**Directions for this task:** Print out the full material below, exact in every line, with no images included.

**Stored data:**
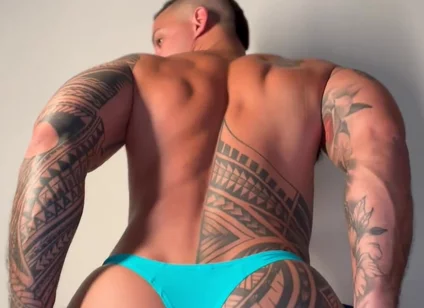 Spandex Makes Me I Jerk off Until I Shoot a Big Load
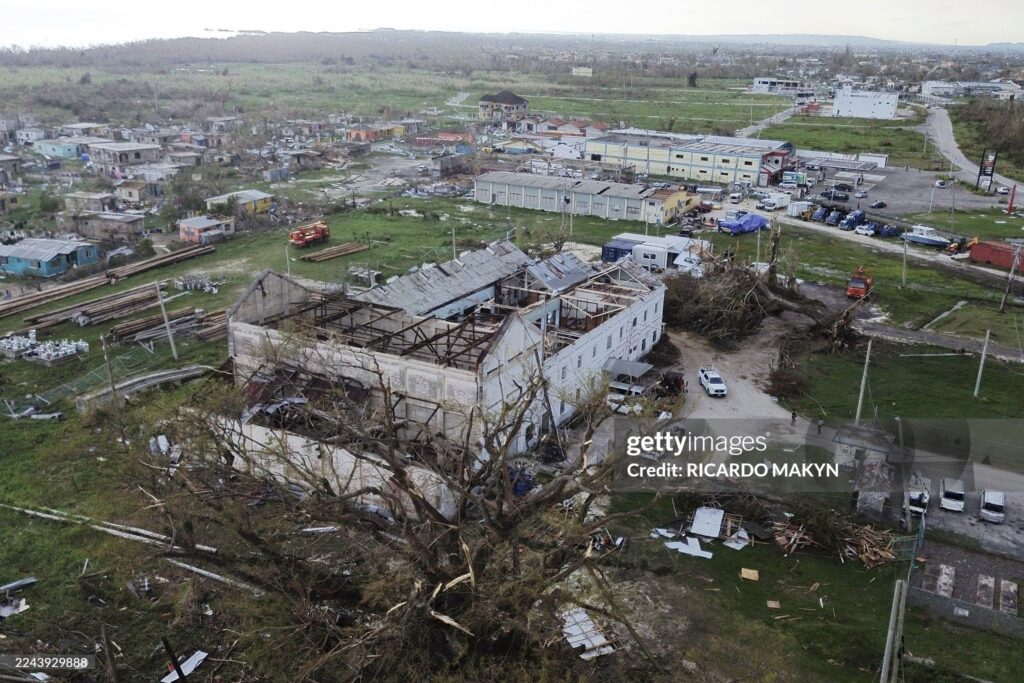 Furacão Melissa Devasta a Jamaica: Danos Enormes e Apelo Urgente por Ajuda!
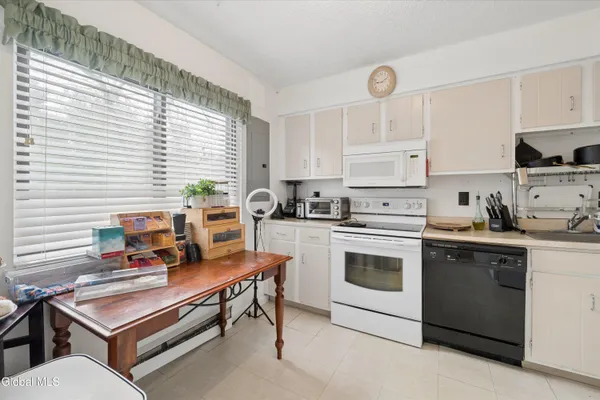 $275,000 | 82 Crestwood Terrace, Albany, NY 12203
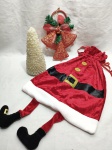 Lote natalino, composto de enfeite, vela decorativa e saco na forma de corpo do papai noel. Medindo o saco 50cm de comprimento.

**Result of this task:**
 Spandex Makes Me I Jerk off Until I Shoot a Big Load
 Furacão Melissa Devasta a Jamaica: Danos Enormes e Apelo Urgente por Ajuda!
 $275,000 | 82 Crestwood Terrace, Albany, NY 12203
 Lote natalino, composto de enfeite, vela decorativa e saco na forma de corpo do papai noel. Medindo o saco 50cm de comprimento.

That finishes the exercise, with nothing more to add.